[Crawled caption data]
++++++
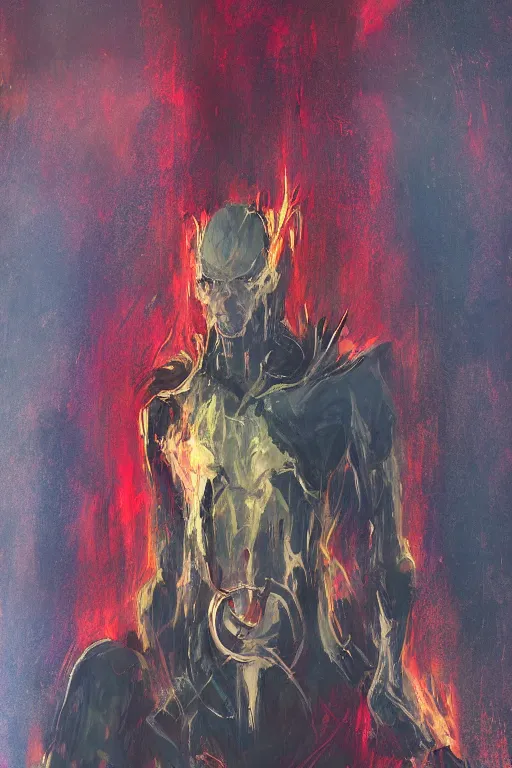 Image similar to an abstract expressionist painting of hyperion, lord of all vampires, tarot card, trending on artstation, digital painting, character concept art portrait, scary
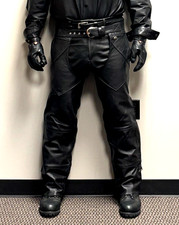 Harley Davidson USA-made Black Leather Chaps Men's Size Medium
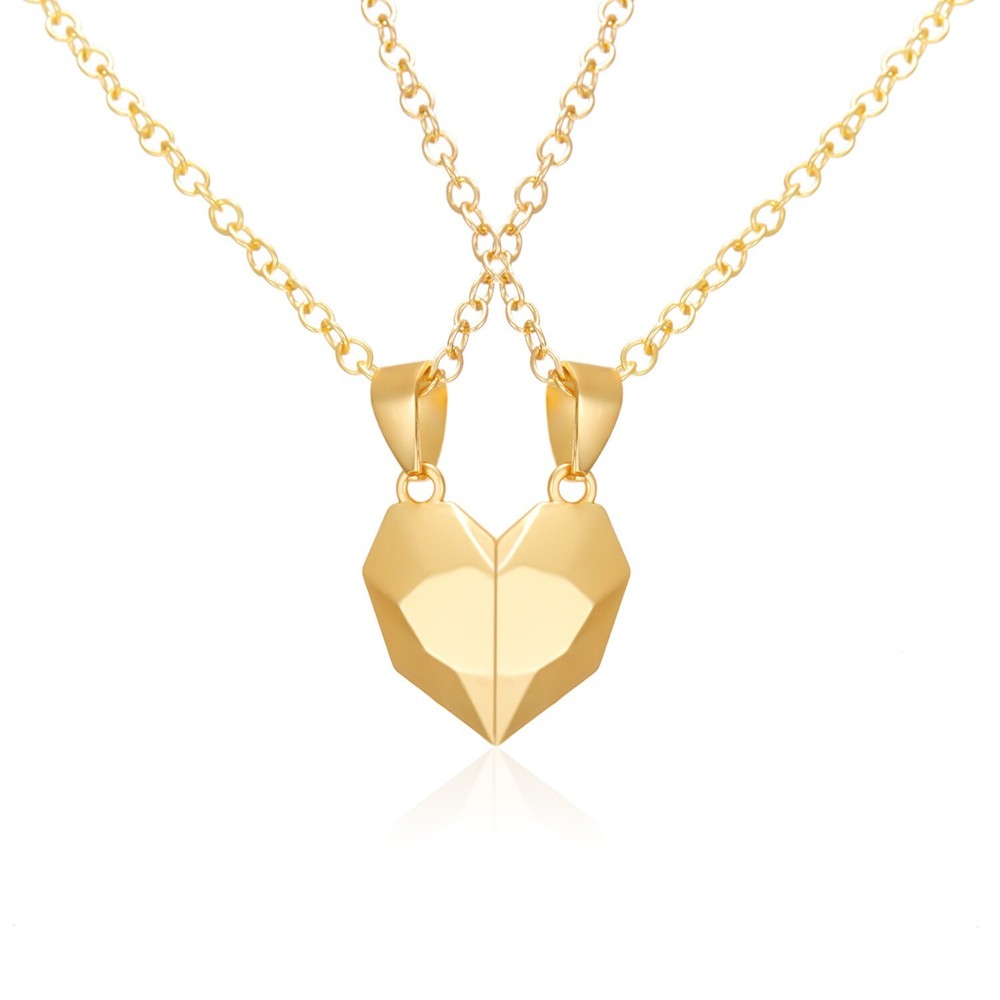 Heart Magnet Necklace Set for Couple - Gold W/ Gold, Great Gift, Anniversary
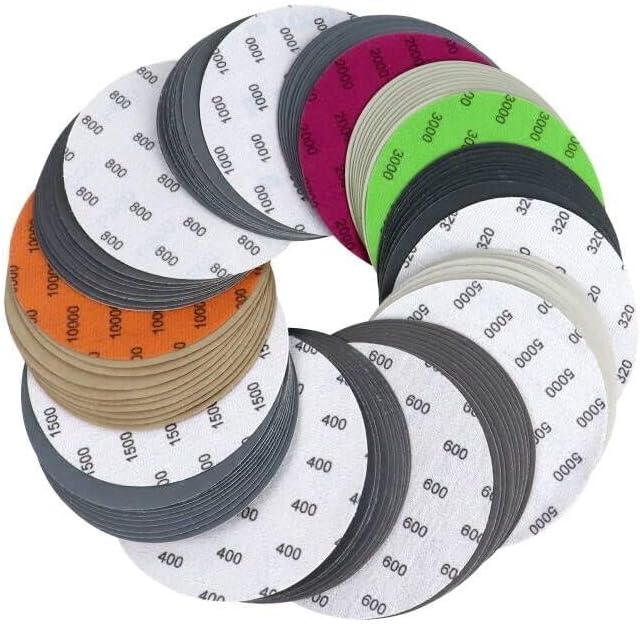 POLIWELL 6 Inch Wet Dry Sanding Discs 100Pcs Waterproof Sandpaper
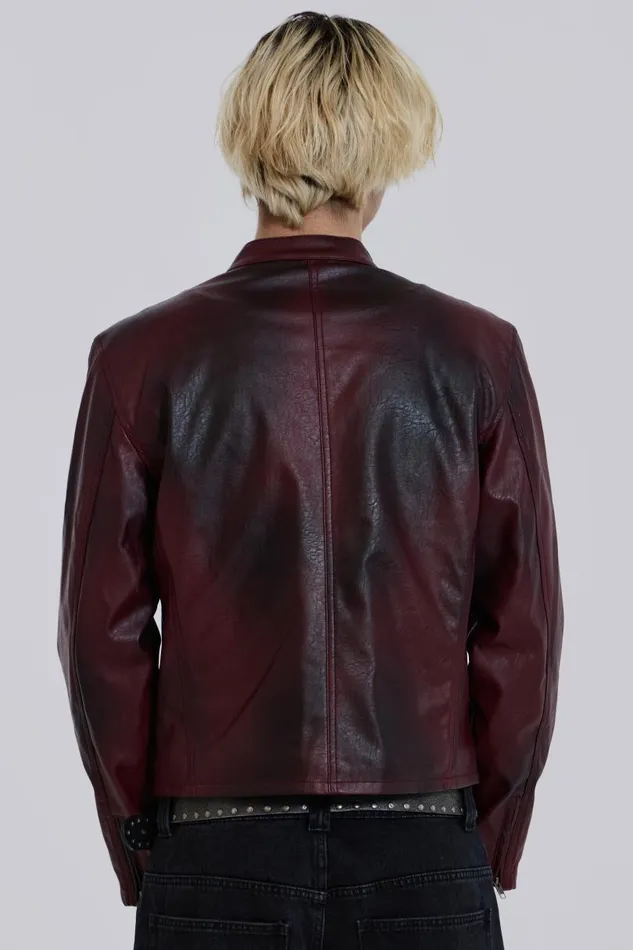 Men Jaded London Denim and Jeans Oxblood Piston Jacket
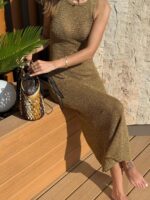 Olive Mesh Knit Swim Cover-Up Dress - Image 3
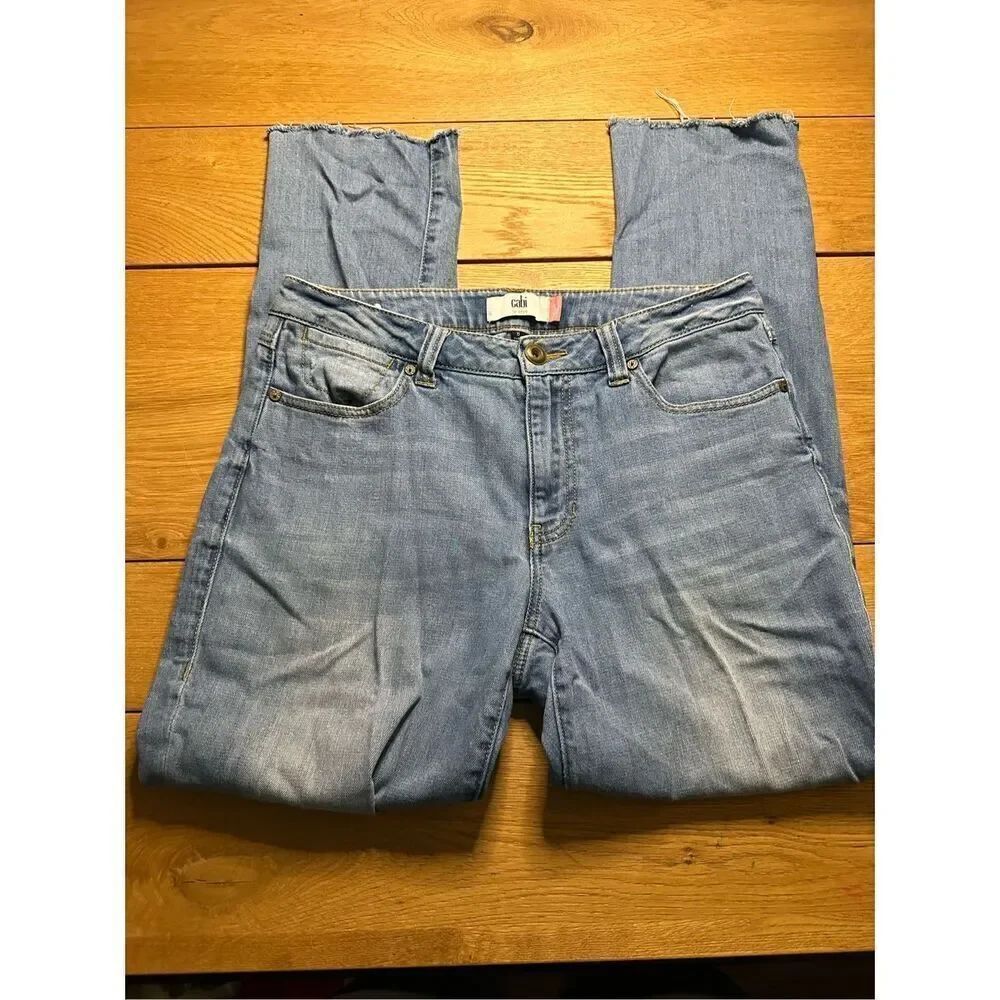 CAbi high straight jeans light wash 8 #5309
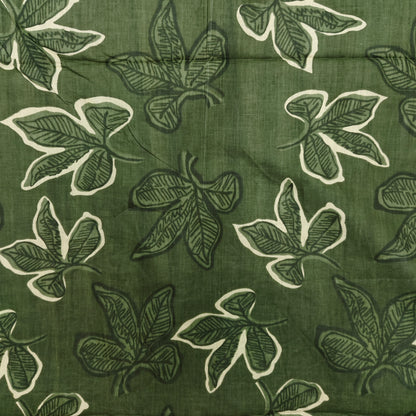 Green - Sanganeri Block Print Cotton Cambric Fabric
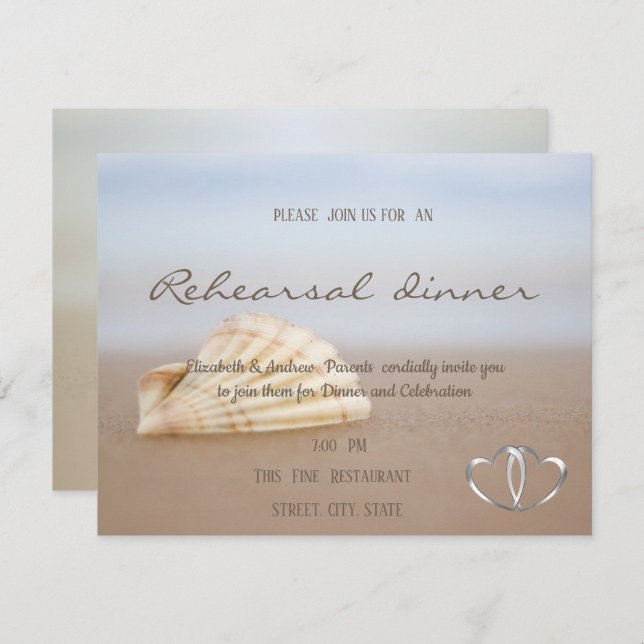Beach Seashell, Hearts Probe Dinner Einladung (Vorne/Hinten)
++++++
◆ **Task prompt**
The records must be restated word for word, apart from any images.

◆ **Answer section**
 Image similar to an abstract expressionist painting of hyperion, lord of all vampires, tarot card, trending on artstation, digital painting, character concept art portrait, scary
 Harley Davidson USA-made Black Leather Chaps Men's Size Medium
 Heart Magnet Necklace Set for Couple - Gold W/ Gold, Great Gift, Anniversary
 POLIWELL 6 Inch Wet Dry Sanding Discs 100Pcs Waterproof Sandpaper
 Men Jaded London Denim and Jeans Oxblood Piston Jacket
 Olive Mesh Knit Swim Cover-Up Dress - Image 3
 CAbi high straight jeans light wash 8 #5309
 Green - Sanganeri Block Print Cotton Cambric Fabric
Beach Seashell, Hearts Probe Dinner Einladung (Vorne/Hinten)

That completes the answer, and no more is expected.